Matter of Sandra DD. (Kenneth DD.)
This text of 2020 NY Slip Op 3965 (Matter of Sandra DD. (Kenneth DD.)) is published on Counsel Stack Legal Research, covering Appellate Division of the Supreme Court of the State of New York primary law. Counsel Stack provides free access to over 12 million legal documents including statutes, case law, regulations, and constitutions.
Opinion
| Matter of Sandra DD. (Kenneth DD.) |
| 2020 NY Slip Op 03965 |
| Decided on July 16, 2020 |
| Appellate Division, Third Department |
| Published by New York State Law Reporting Bureau pursuant to Judiciary Law § 431. |
| This opinion is uncorrected and subject to revision before publication in the Official Reports. |
Decided and Entered: July 16, 2020
528956 529281
In the Matter of Sandra DD., an Infant. Delaware County Department of Social Services, Respondent; Sarah DD., Respondent. (Proceeding No. 3.)
Calendar Date: June 9, 2020
Before: Lynch, J.P., Devine, Aarons, Pritzker and Reynolds Fitzgerald, JJ.
Teresa C. Mulliken, Harpersfield, for appellant.
Delaware County Department of Social Services, Delhi (Amy B. Merklen of counsel), for Delaware County Department of Social Services, respondent.
Paul G. Madison, Stamford, for Tina CC., respondent.
Larisa Obolensky, Delhi, attorney for the child.
Pritzker, J.
Appeals (1) from an order of the Family Court of Delaware County (Northrup Jr., J.), entered March 13, 2019, which, in three proceedings pursuant to Family Ct Act articles 10 and 10-A and Social Services Law § 358-a, among other things, continued placement of the subject child, and (2) from that part of an order of said court, entered May 23, 2019, which denied respondent Kenneth DD.'s motion to renew.
Respondent Kenneth DD. (hereinafter the grandfather) is the maternal grandfather of the subject child (born in 2009). Shortly after the child's birth, respondent Sarah DD. (hereinafter the mother), who is developmentally disabled, voluntarily placed the child in the custody of petitioner, and the grandfather and the child's maternal grandmother (hereinafter the grandmother) were designated as the child's custodians.[FN1] In September 2009, Family Court (Becker, J.) terminated the voluntary placement, awarded the mother, the grandfather and the grandmother joint legal custody of the child and the grandfather and the grandmother primary physical custody.[FN2] The grandfather and the grandmother were ordered to open and maintain a preventive services case with petitioner for a minimum period of six months. In March 2010, the grandfather left the grandmother and moved — with the child and the mother — into the residence of his girlfriend, respondent Tina CC. (hereinafter the girlfriend). In June 2010, following a physical confrontation between the mother and the girlfriend, petitioner indicated the mother for inadequate guardianship. The mother subsequently moved into an adult home and the child remained with the grandfather and the girlfriend, who refused preventive services.
In June 2018, a child protective report was received regarding the father and the girlfriend alleging inadequate guardianship and lack of medical care on the child's behalf. This report was subsequently indicated. Thereafter, in July 2018, petitioner filed neglect petitions against the grandfather and the girlfriend alleging, among other things, that they placed the child in inappropriate physical restraints, provided inadequate supervision and failed to follow the child's mental health recommendations. Following a hearing held pursuant to Family Ct Act § 1027, Family Court (Northrup Jr., J.) determined that removal of the child from the grandfather's residence was necessary and placed the child into the direct care and custody of the child's maternal aunt (hereinafter the aunt), under the supervision of petitioner. In December 2018, the aunt indicated that she could no longer be a resource for the child. Petitioner then filed an order to show cause requesting that the child no longer be placed directly with the aunt and instead be placed in petitioner's care and custody. The grandfather and the girlfriend consented to this placement on a temporary basis.
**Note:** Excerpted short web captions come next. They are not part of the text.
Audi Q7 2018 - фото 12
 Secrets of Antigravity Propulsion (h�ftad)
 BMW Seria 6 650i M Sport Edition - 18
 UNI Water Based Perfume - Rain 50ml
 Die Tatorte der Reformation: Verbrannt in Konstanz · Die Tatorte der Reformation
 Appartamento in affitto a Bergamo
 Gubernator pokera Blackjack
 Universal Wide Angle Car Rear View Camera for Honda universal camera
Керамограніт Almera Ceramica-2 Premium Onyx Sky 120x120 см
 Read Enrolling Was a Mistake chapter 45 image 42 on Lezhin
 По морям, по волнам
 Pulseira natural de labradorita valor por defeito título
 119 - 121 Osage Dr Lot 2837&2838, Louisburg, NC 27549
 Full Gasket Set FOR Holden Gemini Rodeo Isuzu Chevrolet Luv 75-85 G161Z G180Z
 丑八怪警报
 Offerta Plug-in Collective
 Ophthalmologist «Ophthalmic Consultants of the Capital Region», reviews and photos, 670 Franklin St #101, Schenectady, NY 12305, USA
Soon thereafter, petitioner offered a voluntary placement agreement to the mother (see Social Services Law § 384-a), providing for the indefinite placement of the child in foster care on the basis that the mother was unable to care for the child. When the parties appeared for the fact-finding hearing on the July 2018 neglect petitions, petitioner indicated that, upon Family Court's approval of the voluntary placement agreement, petitioner would move to withdraw and dismiss the neglect petitions against the grandfather and the girlfriend. At that time, petitioner stated that visits with the grandfather and the girlfriend would "be as therapeutically recommended." Thereafter, the mother executed the voluntary placement agreement, and petitioner filed a petition for approval of the placement instrument (see Social Services Law § 358-a).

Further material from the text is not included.